## AIM OF THE EXERCISE
Each line of the records below needs repeating exactly. Skip the pictures.

======

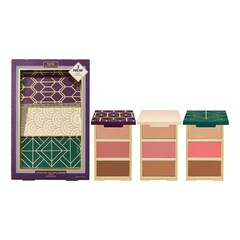 Amazonian Clay Party Palettes Set - Cheek Makeup Set, TARTE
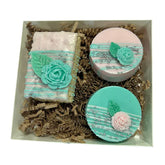 Sweet Treat Trio Milk or White Chocolate Contains a Mixture of Chocolate-Covered Oreo, Rice Krispie Treat, Marshmallow and/or Pretzel White Chocolate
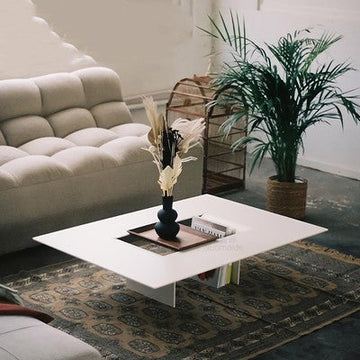 Furniture Private Home Metal Coffee Coffee Side Table null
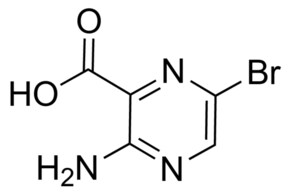 Merck 3-AMINO-6-BROMOPYRAZINE-2-CARBOXYL-&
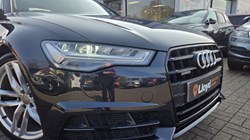 2018 (67) AUDI A6 2.0 TDI Quattro Black Edition 4dr S Tronic 5206203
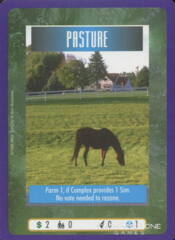 Pasture [2-0-0-1]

======

## EXERCISE RESULT
 Amazonian Clay Party Palettes Set - Cheek Makeup Set, TARTE
 Sweet Treat Trio Milk or White Chocolate Contains a Mixture of Chocolate-Covered Oreo, Rice Krispie Treat, Marshmallow and/or Pretzel White Chocolate
 Furniture Private Home Metal Coffee Coffee Side Table null
 Merck 3-AMINO-6-BROMOPYRAZINE-2-CARBOXYL-&
 2018 (67) AUDI A6 2.0 TDI Quattro Black Edition 4dr S Tronic 5206203
 Pasture [2-0-0-1]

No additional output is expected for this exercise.